American painter (1912–2007)

Elizabeth Tashjian (December 24, 1912 – January 29, 2007) was an artist and the founder of the Nut Museum in Old Lyme, Connecticut. She championed nuts through the museum, and by creating portraits of a variety of nuts and nutcrackers. She was the daughter of aristocratic Armenian immigrants and studied at the New York school of Applied Design for Women as well as the National Academy of Design. Later in life, she appeared on the shows of Johnny Carson, David Letterman, Jay Leno, Howard Stern and Chevy Chase and the game show To Tell The Truth among others, to promote nuts and the Nut Museum.

At the age of seven, her parents divorced. By the age of nine, Tashjian was a concert violinist living with her mother in New York City's Upper West Side.

Tashjian remained unmarried throughout her life. In middle age, Tashjian followed her mother in becoming a Christian Science healer. She also espoused a tongue-in-cheek theory that humans had possibly evolved from nuts. In 1950, Tashjian and her mother moved into a large Gothic Revival mansion in Old Lyme. Upon her father's death in 1958 she learned he had left her nothing. She continued to live alone in her mansion following her mother's death in 1959.
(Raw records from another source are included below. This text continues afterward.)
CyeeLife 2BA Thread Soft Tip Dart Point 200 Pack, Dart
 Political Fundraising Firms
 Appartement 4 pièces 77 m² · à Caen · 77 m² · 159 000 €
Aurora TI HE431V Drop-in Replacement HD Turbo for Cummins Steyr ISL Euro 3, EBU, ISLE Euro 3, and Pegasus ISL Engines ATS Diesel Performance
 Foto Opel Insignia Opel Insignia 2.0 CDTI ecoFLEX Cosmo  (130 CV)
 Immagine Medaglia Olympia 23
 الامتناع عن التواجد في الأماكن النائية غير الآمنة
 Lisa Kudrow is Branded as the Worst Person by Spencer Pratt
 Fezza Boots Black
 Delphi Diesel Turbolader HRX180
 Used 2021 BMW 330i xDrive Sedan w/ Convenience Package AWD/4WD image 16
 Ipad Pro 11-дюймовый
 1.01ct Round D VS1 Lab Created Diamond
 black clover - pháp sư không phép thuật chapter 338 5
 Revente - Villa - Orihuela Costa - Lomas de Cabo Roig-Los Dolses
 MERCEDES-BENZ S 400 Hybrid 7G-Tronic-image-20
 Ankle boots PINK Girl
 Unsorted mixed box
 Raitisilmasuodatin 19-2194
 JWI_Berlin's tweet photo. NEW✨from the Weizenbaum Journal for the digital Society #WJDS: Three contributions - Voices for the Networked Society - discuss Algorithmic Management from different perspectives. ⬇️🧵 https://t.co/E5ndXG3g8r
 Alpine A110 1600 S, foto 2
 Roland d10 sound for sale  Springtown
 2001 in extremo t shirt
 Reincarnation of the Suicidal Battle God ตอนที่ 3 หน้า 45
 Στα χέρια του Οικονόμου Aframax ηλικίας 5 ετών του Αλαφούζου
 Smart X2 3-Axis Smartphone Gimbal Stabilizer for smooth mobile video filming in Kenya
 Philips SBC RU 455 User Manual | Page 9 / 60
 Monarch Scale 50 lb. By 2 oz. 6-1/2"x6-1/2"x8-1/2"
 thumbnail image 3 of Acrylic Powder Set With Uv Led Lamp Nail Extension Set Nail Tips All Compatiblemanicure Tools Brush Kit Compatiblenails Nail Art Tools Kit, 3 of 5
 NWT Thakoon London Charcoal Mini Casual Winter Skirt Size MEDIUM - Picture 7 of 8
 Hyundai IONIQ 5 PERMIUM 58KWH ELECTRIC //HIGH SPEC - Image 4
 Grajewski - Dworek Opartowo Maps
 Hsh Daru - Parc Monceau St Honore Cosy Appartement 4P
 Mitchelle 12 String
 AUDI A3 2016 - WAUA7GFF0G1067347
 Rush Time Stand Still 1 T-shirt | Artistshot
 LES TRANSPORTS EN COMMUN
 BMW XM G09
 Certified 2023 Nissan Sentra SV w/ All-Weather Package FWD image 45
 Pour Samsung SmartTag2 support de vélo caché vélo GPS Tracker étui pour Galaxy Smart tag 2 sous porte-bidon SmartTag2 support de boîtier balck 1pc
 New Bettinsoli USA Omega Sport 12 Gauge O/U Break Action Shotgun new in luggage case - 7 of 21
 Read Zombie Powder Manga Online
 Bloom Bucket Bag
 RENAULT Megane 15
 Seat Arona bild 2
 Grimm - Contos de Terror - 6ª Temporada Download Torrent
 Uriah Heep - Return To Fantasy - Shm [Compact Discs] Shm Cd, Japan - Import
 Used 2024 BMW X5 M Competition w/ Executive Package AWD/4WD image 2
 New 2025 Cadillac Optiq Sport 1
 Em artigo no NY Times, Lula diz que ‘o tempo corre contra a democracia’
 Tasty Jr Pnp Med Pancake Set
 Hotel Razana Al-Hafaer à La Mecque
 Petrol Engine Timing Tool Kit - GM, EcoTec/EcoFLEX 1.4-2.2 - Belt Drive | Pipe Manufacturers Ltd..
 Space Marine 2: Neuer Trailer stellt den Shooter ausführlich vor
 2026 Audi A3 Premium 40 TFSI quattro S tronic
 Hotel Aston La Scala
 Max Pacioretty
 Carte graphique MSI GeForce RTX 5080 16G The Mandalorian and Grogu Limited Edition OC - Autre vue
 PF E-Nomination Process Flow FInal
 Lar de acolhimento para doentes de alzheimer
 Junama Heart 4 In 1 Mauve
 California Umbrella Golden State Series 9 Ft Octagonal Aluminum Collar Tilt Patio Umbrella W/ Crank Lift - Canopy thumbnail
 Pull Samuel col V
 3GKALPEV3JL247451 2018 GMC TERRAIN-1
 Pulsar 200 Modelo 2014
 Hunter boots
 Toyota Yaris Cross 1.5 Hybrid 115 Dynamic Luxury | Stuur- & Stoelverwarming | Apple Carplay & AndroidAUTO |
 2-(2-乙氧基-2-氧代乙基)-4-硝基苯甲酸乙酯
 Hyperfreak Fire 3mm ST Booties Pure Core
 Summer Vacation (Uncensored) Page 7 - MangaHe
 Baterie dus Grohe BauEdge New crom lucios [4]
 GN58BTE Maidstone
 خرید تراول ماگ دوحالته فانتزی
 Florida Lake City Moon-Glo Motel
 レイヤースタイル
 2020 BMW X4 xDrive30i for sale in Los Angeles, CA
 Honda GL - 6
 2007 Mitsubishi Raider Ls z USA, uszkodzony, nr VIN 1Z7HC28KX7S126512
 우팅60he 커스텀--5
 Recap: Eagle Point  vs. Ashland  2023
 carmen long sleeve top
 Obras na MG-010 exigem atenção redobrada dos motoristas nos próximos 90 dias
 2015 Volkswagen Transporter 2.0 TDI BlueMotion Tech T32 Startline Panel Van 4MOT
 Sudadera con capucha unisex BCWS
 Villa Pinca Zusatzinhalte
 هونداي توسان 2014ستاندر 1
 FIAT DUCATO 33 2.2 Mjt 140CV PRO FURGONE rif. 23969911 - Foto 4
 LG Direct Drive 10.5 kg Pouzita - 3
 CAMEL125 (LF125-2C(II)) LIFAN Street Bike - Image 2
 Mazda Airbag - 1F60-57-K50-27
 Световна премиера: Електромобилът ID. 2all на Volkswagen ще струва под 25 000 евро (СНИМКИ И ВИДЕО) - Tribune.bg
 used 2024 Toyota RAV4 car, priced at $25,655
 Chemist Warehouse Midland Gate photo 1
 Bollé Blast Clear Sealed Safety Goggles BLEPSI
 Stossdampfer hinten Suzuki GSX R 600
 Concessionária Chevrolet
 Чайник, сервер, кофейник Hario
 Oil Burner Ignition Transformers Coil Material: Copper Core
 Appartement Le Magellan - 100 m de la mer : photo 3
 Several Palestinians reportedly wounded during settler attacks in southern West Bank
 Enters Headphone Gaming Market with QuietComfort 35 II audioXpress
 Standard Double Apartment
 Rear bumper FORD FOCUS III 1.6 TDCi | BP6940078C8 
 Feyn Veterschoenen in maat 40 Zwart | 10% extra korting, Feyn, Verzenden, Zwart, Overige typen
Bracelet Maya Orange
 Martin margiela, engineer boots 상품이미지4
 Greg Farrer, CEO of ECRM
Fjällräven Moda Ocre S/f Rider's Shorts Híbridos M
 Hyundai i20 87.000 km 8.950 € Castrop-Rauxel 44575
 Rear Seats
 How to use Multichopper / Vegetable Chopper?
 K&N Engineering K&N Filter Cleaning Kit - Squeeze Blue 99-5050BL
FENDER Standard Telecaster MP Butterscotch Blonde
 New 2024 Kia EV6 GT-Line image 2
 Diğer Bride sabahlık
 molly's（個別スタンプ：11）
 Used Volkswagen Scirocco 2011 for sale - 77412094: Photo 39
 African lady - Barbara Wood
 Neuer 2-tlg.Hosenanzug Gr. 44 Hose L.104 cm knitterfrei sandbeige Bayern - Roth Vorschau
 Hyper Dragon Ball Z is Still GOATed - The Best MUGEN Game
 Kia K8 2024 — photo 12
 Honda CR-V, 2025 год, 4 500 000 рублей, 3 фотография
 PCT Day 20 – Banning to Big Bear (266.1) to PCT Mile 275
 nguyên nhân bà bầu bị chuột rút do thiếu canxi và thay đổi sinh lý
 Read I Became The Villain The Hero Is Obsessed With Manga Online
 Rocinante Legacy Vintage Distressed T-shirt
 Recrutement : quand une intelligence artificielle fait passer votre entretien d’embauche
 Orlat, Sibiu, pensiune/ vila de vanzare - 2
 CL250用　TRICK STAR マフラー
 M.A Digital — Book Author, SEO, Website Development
Nuts were a lifelong passion. At the New York School of Applied Design for Women and the National Academy of Design, Tashjian created many paintings of nuts and nutcrackers - themes she would continue throughout her life. In 1972, Tashjian founded the Nut Museum in the mansion. The collection contained only twenty nuts, and was composed largely of her own artwork including over one hundred paintings, twenty aluminum sculptures, nut art, nut jewelry and a Nativity scene made completely of nuts. Many specimens were donated by visitors. The Nut Anthem and Nuts Are Beautiful, two songs composed by Tashjian, were performed for all visitors. She hoped to expand the museum into a theme-park larger than Disneyland. Tashjian claimed she did not know the pejorative use of the word "nut" until after establishing her museum, but made frequent comments suggesting she wanted to de-stigmatize the word and the people associated with it.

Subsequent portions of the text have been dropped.